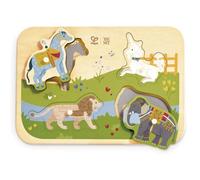 Hape Majestic Animals Peg Puzzle 4 Pieces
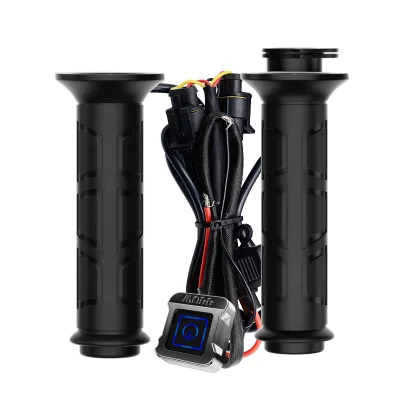 Motorcycle 7/8" 22mm Electric Hot Heated Molded Grips Handle Handlebar Warmer Heater Grips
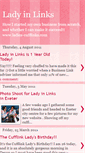 Mobile Screenshot of ladyinlinks.blogspot.com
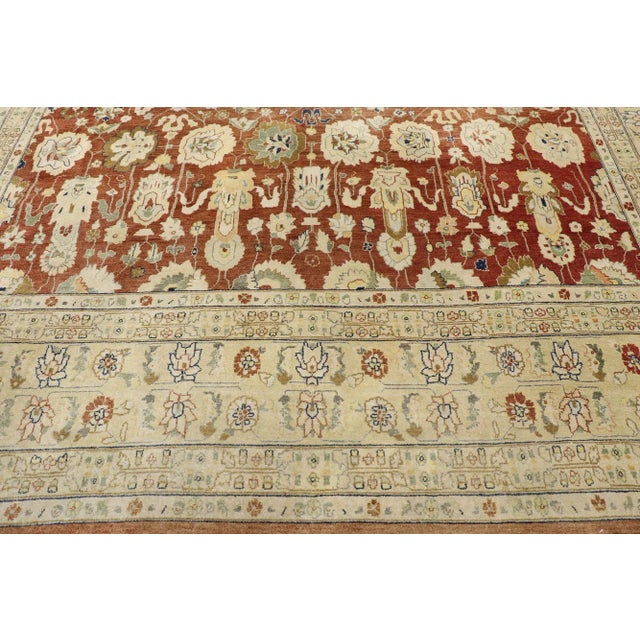 Vintage Pakistani Rug, 09'11 X 14'04 For Sale - Image 4 of 9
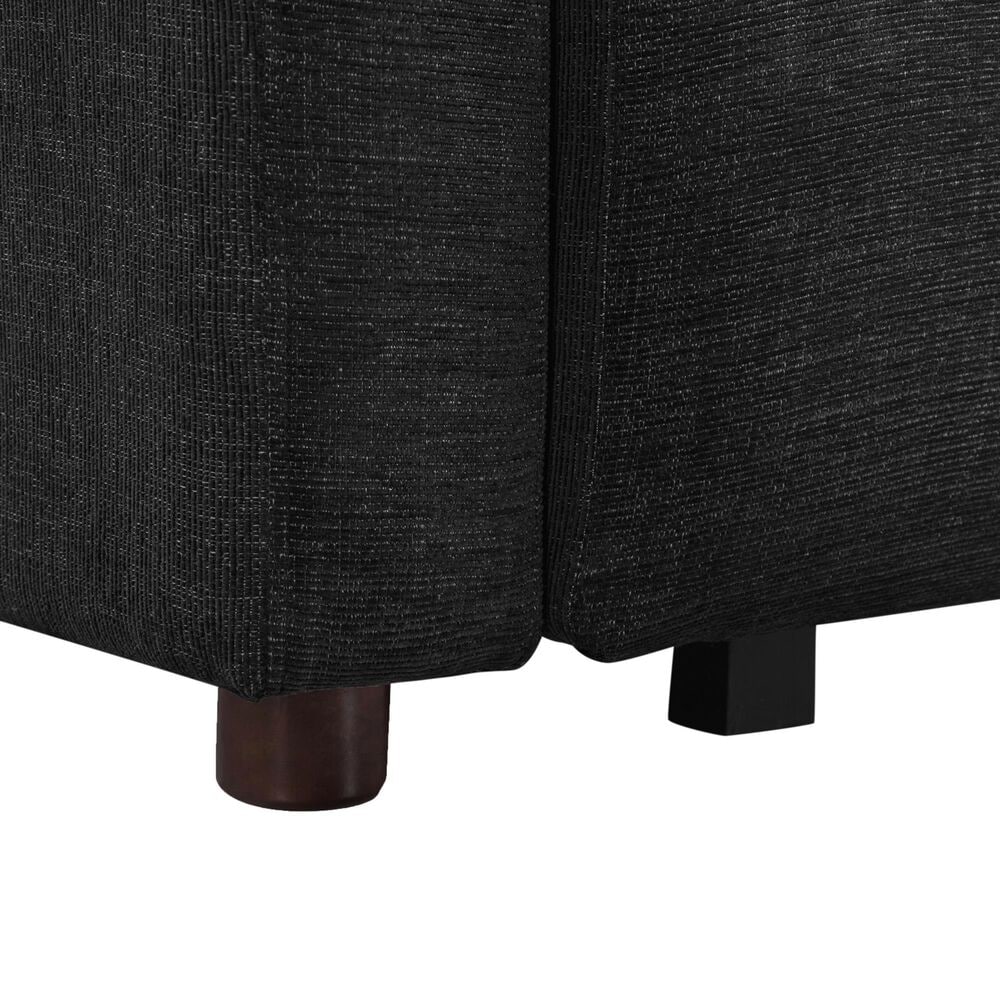 Lifestyle Solutions Glenmont Convertible Sofa in Black, , large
□ □ □ □ □ □ □
EXERCISE REQUIREMENTS:
Retype the entries verbatim and drop the pictures.

RESULT OF THE TASK:
 Hape Majestic Animals Peg Puzzle 4 Pieces
 Motorcycle 7/8" 22mm Electric Hot Heated Molded Grips Handle Handlebar Warmer Heater Grips
 Mobile Screenshot of ladyinlinks.blogspot.com
 Vintage Pakistani Rug, 09'11 X 14'04 For Sale - Image 4 of 9
 Lifestyle Solutions Glenmont Convertible Sofa in Black, , large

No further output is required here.